Across the curriculum and in the wider operation of the school, we look to make students and staff explicitly aware of these 16 Habits of Mind that can help us all to be successful. Through doing so, we help people to recognise those habits that it would be beneficial for them personally to develop. Crucially, we are also able to adapt our practice and plan for how best to ensure these vital learning habits can best be supported and developed over time.
The habit of being able to work and learn together effectively is such an important one that a whole compartment of our Learning Box is devoted to it. We recognise that whilst students need to be able to work alone, some of the richest and deepest learning experiences come through activities where students can work and discuss together.
In order to support our students in developing the skills that will enable them to achieve when learning together, a bank of common group-work strategies have been developed and these are shared with all new staff who join the school. Each of these strategies is designed to serve a particular purpose, whether it be listening more carefully to the contributions of others, providing meaningful peer feedback or carefully weighing contributions to be made.

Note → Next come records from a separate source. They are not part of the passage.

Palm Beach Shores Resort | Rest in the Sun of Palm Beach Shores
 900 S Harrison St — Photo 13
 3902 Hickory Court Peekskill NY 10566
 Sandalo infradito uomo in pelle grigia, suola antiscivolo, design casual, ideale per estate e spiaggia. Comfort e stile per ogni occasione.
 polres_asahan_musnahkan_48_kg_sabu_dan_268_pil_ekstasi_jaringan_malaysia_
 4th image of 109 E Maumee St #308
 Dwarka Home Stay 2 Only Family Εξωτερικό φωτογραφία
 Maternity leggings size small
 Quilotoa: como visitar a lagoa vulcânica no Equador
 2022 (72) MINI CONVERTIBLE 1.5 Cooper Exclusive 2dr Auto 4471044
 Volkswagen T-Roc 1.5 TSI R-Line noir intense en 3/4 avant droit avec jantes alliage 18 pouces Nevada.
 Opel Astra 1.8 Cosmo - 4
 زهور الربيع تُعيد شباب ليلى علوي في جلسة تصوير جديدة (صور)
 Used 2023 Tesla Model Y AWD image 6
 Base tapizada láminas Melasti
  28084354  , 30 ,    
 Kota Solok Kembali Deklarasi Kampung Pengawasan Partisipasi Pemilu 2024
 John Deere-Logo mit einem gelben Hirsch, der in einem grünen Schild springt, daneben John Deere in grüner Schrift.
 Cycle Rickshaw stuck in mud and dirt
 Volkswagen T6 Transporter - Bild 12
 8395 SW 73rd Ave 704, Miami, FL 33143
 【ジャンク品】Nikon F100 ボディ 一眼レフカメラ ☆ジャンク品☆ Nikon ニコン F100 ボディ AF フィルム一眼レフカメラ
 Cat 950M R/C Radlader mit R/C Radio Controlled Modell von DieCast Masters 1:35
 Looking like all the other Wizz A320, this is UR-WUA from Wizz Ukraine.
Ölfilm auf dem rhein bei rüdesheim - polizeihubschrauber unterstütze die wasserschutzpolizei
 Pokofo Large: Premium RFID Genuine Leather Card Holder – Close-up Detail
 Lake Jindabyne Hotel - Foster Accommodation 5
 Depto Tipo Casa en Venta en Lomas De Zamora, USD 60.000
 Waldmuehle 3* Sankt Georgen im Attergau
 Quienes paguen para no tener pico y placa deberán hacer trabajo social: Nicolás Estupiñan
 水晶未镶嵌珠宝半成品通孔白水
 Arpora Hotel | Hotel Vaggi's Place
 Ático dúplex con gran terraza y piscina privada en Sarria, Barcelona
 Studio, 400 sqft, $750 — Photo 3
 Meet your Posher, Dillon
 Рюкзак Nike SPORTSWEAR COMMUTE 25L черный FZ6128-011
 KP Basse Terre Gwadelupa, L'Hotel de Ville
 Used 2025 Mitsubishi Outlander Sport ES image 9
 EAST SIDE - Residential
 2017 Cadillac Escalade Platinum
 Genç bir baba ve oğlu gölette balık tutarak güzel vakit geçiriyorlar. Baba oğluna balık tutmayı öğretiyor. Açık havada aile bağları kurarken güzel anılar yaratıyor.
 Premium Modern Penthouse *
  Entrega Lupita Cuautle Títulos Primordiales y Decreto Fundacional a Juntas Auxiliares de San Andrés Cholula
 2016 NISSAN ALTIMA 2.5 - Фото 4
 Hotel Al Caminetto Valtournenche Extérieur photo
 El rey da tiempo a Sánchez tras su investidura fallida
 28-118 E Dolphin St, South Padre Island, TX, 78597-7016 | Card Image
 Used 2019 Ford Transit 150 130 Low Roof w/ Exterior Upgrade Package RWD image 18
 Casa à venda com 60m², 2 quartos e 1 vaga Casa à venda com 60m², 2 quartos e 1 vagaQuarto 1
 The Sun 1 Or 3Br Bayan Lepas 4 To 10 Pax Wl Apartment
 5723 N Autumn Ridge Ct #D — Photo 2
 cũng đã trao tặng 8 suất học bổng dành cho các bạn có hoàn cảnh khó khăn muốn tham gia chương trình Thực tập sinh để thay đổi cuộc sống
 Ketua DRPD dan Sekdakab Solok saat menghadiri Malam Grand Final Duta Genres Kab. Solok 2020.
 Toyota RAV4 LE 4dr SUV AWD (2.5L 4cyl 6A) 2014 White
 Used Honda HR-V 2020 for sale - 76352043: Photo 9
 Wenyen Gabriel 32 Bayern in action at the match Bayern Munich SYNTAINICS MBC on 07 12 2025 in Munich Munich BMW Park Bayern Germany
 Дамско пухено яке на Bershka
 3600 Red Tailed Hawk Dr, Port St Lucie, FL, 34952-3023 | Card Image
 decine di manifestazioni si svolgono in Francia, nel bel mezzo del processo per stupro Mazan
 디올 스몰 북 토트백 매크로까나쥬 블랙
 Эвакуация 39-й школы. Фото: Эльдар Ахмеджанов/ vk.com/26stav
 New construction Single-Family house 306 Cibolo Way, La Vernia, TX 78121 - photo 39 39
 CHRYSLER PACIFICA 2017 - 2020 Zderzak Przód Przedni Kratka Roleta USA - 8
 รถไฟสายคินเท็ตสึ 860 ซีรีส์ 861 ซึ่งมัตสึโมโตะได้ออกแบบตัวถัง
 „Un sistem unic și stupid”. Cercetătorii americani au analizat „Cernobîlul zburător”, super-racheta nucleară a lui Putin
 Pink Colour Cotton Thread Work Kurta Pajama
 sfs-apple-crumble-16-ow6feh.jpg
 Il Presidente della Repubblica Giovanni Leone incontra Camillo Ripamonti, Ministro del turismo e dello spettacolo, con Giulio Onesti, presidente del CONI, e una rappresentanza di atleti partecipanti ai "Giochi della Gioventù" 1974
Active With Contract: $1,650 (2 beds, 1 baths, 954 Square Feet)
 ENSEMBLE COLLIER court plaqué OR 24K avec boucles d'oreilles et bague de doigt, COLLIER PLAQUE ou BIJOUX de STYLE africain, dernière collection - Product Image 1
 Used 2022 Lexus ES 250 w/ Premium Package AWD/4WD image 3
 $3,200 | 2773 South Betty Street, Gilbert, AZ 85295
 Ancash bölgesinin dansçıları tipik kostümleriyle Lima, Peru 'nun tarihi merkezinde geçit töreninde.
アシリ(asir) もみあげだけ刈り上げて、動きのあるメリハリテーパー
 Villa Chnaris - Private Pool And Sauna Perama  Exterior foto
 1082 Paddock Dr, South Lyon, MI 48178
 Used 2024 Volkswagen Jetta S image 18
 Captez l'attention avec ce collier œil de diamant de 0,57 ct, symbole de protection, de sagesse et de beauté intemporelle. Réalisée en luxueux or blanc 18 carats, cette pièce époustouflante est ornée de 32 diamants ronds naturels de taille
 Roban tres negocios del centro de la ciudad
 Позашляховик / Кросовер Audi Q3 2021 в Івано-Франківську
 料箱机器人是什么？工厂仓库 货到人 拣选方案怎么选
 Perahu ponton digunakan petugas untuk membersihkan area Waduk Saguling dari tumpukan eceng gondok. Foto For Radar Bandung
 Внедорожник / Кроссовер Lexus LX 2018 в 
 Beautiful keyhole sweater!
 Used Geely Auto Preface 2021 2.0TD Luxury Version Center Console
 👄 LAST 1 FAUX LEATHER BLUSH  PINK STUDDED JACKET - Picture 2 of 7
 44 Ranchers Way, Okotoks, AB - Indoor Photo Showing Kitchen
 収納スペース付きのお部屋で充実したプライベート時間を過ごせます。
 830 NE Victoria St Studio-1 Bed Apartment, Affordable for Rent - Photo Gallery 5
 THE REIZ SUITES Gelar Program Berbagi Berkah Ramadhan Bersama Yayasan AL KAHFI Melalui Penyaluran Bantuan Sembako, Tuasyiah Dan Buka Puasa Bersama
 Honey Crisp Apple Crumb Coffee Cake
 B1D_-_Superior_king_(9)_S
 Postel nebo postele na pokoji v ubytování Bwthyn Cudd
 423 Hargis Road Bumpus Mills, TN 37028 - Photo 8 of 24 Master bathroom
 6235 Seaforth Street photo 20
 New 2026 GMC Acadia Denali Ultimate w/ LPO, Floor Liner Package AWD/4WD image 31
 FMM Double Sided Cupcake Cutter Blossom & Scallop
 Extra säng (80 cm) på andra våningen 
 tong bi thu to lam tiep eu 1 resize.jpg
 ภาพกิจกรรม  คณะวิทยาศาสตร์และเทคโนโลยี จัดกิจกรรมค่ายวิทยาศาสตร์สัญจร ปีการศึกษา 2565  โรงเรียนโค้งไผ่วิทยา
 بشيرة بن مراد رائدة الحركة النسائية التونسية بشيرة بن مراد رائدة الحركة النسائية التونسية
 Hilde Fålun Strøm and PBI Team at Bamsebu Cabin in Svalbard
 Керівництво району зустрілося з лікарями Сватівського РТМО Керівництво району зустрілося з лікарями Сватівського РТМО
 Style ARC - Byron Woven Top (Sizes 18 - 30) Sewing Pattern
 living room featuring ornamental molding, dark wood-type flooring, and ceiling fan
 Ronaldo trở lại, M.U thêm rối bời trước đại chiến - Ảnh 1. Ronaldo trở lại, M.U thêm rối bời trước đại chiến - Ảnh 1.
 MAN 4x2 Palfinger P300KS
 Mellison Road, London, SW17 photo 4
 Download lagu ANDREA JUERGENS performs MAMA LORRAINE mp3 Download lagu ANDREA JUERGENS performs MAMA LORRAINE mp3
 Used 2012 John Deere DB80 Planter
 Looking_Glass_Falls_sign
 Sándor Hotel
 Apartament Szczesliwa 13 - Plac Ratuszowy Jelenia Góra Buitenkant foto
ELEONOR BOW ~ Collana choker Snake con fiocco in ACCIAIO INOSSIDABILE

Ultimately, using these strategies helps us to ensure progress is made and that a number of the vital Habits of Mind are being developed effectively.
Literacy, Numeracy and IT Skills
Success across all subject areas and in later life is underpinned by the development of the literacy, numeracy and IT skills that we all recognise as being of vital importance. We recognise that literacy is not the sole preserve of English teachers and that Maths teachers are not the only people responsible for ensuring our students have excellent numeracy skills.
Across the curriculum, all teachers plan for opportunities to develop the literacy, numeracy and IT skills that we know will enable them to succeed at SCC, but will also give them the tools that they need to succeed in later life too.
Inevitable Progress and Tablet Devices / FROG
As a school that places great emphasis on thinking, ongoing reflection on our approach to teaching and learning is vital. In recent years, we have developed the concept of ‘Inevitable Progress’ that sits alongside our Learning Box approach. In essence, ‘Inevitable Progress’ is a mindset that all of our teachers adopt and involves the development of learning sequences that are so well-structured that it is impossible for students not to make excellent progress over time. It is a concept that is informed by our understanding of the new KS4 subject specifications that have been introduced in recent years and is a crucial element of our current success.
We continue to develop our practice and the increasing use of technology is a very important aspect of this. As well as the various thinking tools such as Thinking Hats and Maps in our Sedgefield Learning Box, new technologies such as tablet devices and the various applications that are available on these have a significant role to play. Our delivery model sees all KS4 students having access to their own tablet device and this is used to ensure outstanding progress. Students, parents and staff are all able to use the school’s learning platform, FROG and this has a crucial function in supporting our teaching and learning practice both in school and beyond.
Sedgefield Community College is committed to ensuring that the Learning and Teaching experience of our students is of the highest possible standard. In order to enable us to achieve this aim, we have created ‘The Sedgefield Learning Box’. Inside our ‘Learning Box’ we have a wide range of learning tools that our students are supported to use within and beyond lessons and which enable them to think deeply and with great independence. As the Headteacher of SCC, I firmly believe that the development of these approaches to learning supports our students to ACHIEVE success.